The dedicated tunnel would involve expanding an existing pilot tunnel that runs parallel to the existing car tunnel.
The pilot was excavated in the 1970s to investigate the feasibility of a second Mt Victoria tunnel.
Shaw said the current experience of walking or cycling through the tunnel was "horrendous" due to car fumes and such a narrow path.
National's transport spokesman Chris Bishop accused the Greens of being "totally ideological" and not taking an evidence-based approach when official advice was to build the second Mt Victoria tunnel sooner rather than later.
"Wellingtonians need to know that if Julie Anne Genter is let back near the ministerial benches after the election she will stuff up Wellington transport more than she has already."
Shaw disputed that and hit back at the comment about Genter.
"To me that just sounds like frankly election smack talk.
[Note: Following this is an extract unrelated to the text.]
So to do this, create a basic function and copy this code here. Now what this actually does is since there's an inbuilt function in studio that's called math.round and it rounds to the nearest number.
National are obviously not doing very well and getting increasingly desperate in the pronouncements that they're making, so I don't put a lot of stock into it."
"The evidence is that when you try and build your way out of congestion by building more roads, you actually create more congestion."
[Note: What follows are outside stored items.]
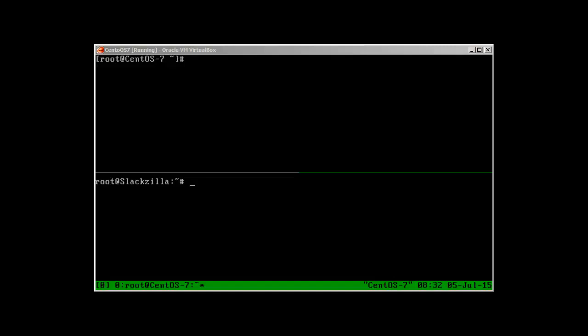Hey guys, welcome back. This is Salman Francis of LZH Project, and this is part two of our Linux networking basic networking video series. If you remember in our last discussion, we set up the permanent IP address in our Slackware box with the net config command. I'll continue that discussion here — there is another way of setting up a permanent IP address in Slackware, and once we complete Slackware we will move to CentOS.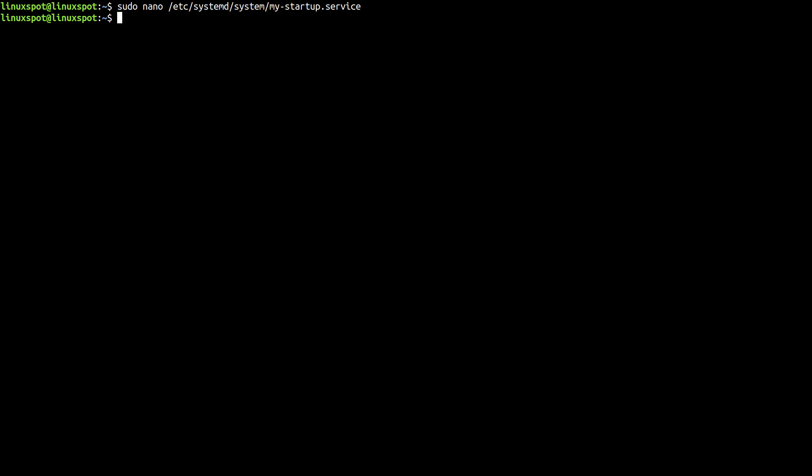And finally, in step number three, we must make sure that our service is enabled. For that, we use systemctl status and the name of our service unit.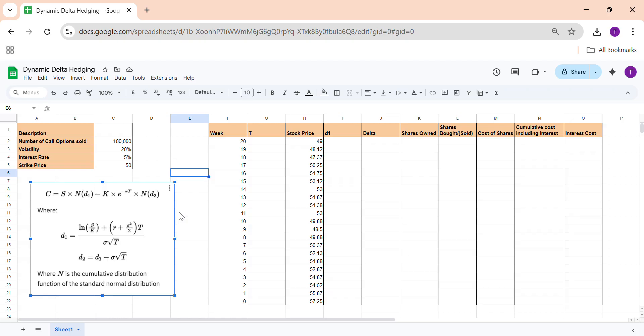So what is delta? This is pretty much a revision. Delta is one of the Greeks that measures how sensitive a particular option's price is to the change in the underlying asset. If your underlying asset moves by a bit, how much your option price will move — that's your delta. Delta is dV/dS, where S is the underlying price.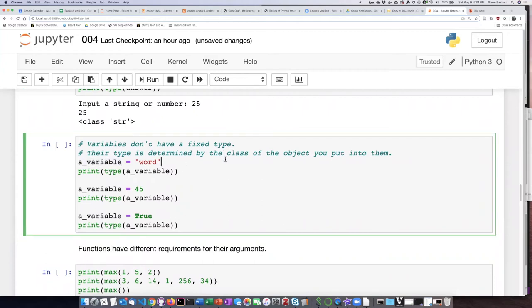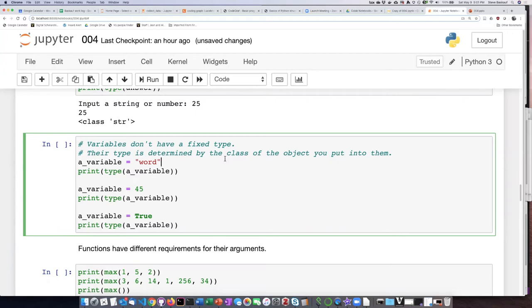In some languages, when you create a variable, you have to say what kind of thing it can hold. But in Python, variables can hold any type of object, and the way Python determines the type of the object that the variable holds is based on what you put into it.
The National Party has promised to start construction on a second Mt Victoria tunnel within its first term and would legislate for that to happen if necessary.
"I don't think anyone in Wellington thinks that adding a walking and cycling tunnel through Mt Vic is actually doubling the tunnel," Bishop said.
Labour's Transport Minister Phil Twyford said his position has always remained the same.
"LGWM partners will have an evidence-based discussion on the timing of the project after the business cases are completed next year."
The Green Party's plan would also see a new dedicated light rail tunnel near the Wellington Zoo connecting the eastern suburbs via Newtown, funded by central Government.
Trackless trams and buses have been floated as other modes to go on the mass rapid transit spine running from the railway station out to the airport.
But the Greens have campaigned on light rail in Wellington for decades.
"Light rail will provide a fast public transport service from the eastern and southern suburbs able to carry thousands more people than the current bus services," Shaw said.
Twyford said the design of preferred mode of rapid transit would be determined by the business case.
National leader Judith Collins have previously indicated the party is keen on buses.
"Unlike Labour and the Greens, we are not wedded to light rail. We think bus priority and bus rapid transit offers much more flexibility for Wellington, and value for money. In time, that may mean trackless trams," she said.
The Greens have also supported further investigation into extending light rail to Island Bay and converting the Melling rail line to light rail. It would then be extended through Lower Hutt to connect with the Hutt line.
The party also wants to fast-track the Bus Priority Action Plan which it says has been held up by delays in the Let's Get Wellington Moving process.